Laravel Queue + OpenAI API: “Request Timeout” on long-running LLM jobs

Question

436 viewsApril 26, 2026

5

Werner Brink April 26, 2026 0 Comments

I’m trying to integrate the OpenAI PHP SDK into my Laravel 11 project to generate long-form SEO blog posts.

The integration works fine for short snippets, but when I send a prompt for a 2,000-word article, the request just hangs and eventually throws a 408 Request Timeout from my Nginx proxy. I know I shouldn’t run this directly in the controller, so I moved it to a Laravel Queue Job, but now I’m hitting a new wall.

My Problem:
Even inside the queue, the job is being marked as “failed” after 60 seconds because of the default retry_after setting. OpenAI sometimes takes 90+ seconds to stream a long response, and the worker thinks the job died and tries to restart it, causing a loop of half-finished API calls.

What I’ve tried:
Increased max_execution_time in php.ini (didn’t help the worker).
Tried using openai-php/client directly instead of the Laravel wrapper.
Set $timeout = 120 in my GenerateArticle job class, but the worker still kills it.
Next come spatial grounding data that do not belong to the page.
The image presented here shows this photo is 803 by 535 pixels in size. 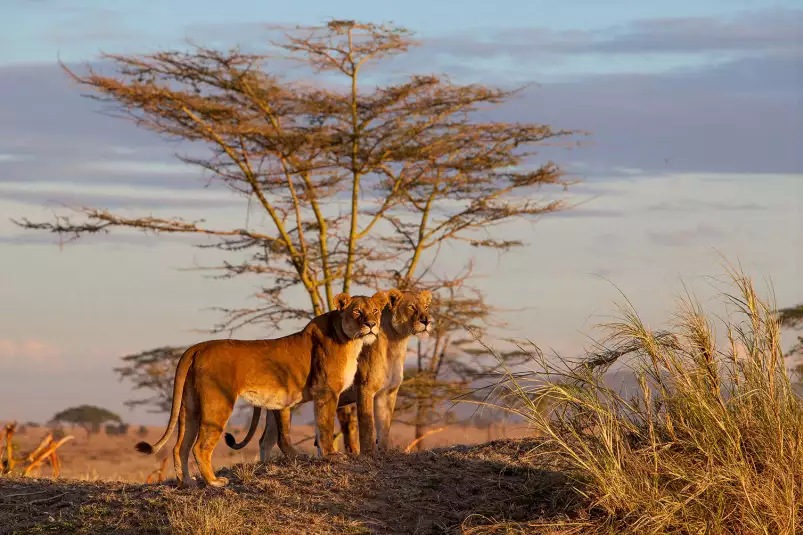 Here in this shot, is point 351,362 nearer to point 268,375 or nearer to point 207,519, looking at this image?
point 268,375

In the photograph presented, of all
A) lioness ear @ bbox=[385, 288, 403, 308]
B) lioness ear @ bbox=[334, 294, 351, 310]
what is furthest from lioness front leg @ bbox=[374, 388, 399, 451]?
lioness ear @ bbox=[334, 294, 351, 310]

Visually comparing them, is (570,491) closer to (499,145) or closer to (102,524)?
(102,524)

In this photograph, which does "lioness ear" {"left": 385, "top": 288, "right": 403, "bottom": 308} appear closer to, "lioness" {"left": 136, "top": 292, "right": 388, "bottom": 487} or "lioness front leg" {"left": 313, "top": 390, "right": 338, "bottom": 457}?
"lioness" {"left": 136, "top": 292, "right": 388, "bottom": 487}

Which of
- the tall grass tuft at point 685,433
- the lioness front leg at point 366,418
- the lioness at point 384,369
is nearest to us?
the tall grass tuft at point 685,433

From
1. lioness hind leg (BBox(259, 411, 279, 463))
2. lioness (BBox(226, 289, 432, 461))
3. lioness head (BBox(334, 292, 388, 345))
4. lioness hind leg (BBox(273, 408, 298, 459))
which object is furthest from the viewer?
lioness hind leg (BBox(259, 411, 279, 463))

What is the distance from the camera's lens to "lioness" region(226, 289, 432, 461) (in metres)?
10.8

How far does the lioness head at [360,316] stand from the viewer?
10500mm

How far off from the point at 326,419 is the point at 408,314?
132 cm

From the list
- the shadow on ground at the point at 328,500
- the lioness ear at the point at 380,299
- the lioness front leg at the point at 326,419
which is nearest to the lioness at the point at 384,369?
the lioness ear at the point at 380,299

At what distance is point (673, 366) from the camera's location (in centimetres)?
866

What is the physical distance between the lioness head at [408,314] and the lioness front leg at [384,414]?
0.62 metres

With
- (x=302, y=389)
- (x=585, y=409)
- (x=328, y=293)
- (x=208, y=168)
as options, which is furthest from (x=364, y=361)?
(x=208, y=168)

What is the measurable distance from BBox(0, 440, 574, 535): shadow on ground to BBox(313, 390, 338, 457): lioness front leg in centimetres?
50

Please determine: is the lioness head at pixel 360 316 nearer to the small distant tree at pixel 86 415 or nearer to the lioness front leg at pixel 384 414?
the lioness front leg at pixel 384 414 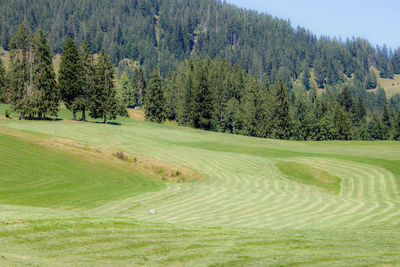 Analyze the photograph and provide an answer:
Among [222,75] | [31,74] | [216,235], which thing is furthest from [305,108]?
[216,235]

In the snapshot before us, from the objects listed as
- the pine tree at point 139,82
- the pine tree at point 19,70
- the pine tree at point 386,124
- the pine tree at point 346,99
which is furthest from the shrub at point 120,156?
the pine tree at point 139,82

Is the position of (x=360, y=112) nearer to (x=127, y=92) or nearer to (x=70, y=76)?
(x=127, y=92)

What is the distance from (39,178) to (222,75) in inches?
4536

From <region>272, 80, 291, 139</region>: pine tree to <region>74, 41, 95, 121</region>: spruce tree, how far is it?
56.8 metres

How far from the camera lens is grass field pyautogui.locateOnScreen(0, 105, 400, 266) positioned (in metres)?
11.6

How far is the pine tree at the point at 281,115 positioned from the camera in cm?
11325

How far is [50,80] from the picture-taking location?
72.0 meters

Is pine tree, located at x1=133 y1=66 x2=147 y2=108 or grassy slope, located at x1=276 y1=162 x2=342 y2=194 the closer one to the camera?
grassy slope, located at x1=276 y1=162 x2=342 y2=194

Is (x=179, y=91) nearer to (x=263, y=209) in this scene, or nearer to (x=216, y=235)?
(x=263, y=209)

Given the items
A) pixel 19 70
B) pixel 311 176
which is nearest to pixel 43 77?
pixel 19 70

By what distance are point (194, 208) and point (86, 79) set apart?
61.5 metres

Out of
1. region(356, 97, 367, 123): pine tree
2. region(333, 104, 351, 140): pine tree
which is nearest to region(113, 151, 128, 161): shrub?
region(333, 104, 351, 140): pine tree

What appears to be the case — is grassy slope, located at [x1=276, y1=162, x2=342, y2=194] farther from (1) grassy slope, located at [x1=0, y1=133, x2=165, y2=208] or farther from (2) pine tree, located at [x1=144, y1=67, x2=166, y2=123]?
(2) pine tree, located at [x1=144, y1=67, x2=166, y2=123]

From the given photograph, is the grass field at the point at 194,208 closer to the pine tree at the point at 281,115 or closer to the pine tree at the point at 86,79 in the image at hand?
the pine tree at the point at 86,79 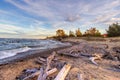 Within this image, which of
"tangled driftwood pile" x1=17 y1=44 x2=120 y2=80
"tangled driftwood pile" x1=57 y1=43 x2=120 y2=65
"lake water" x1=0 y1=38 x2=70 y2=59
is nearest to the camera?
"tangled driftwood pile" x1=17 y1=44 x2=120 y2=80

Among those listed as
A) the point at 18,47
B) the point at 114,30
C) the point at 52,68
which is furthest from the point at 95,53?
the point at 114,30

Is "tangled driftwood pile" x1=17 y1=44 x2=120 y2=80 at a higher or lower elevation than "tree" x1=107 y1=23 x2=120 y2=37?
lower

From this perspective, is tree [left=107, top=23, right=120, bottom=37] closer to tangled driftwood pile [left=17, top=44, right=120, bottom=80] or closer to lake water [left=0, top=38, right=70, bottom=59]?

public function handle(): void
{
    // This part takes forever...
    $response = OpenAI::chat()->create([
        'model' => 'gpt-4-turbo',
        'messages' => [['role' => 'user', 'content' => $this->prompt]],
    ]);

    $this->post->update(['content' => $response->choices[0]->message->content]);
}

How do I properly handle these long-running AI tasks without the worker timing out or me hitting a 504 on the frontend? Should I be using Laravel AI SDK streaming or Laravel Reverb to push the content back to the UI piece-by-piece?

Werner Brink Answered question April 26, 2026

3 Answers

You are viewing 1 out of 3 answers, click here to view all answers.

score 2 · Answer 1 · 2026-04-26T21:55:43+00:00

You’re hitting a classic mismatch between how Laravel handles queues and how LLMs behave in the real world. By 2026 standards, GPT-4-Turbo is actually considered “slow” for 2,000-word outputs, so your architectural approach is more important than just bumping a timeout number.

Here is how you fix the loop and handle the UI.

1. The “Worker vs. Connection” Timeout Fix
The reason your $timeout = 120 isn’t working is likely because your Queue Connection retry_after setting in config/queue.php is lower than your Job’s $timeout.

If retry_after is 60 seconds and your job takes 90, the queue manager thinks the worker died and releases the job back to another worker while the first one is still running.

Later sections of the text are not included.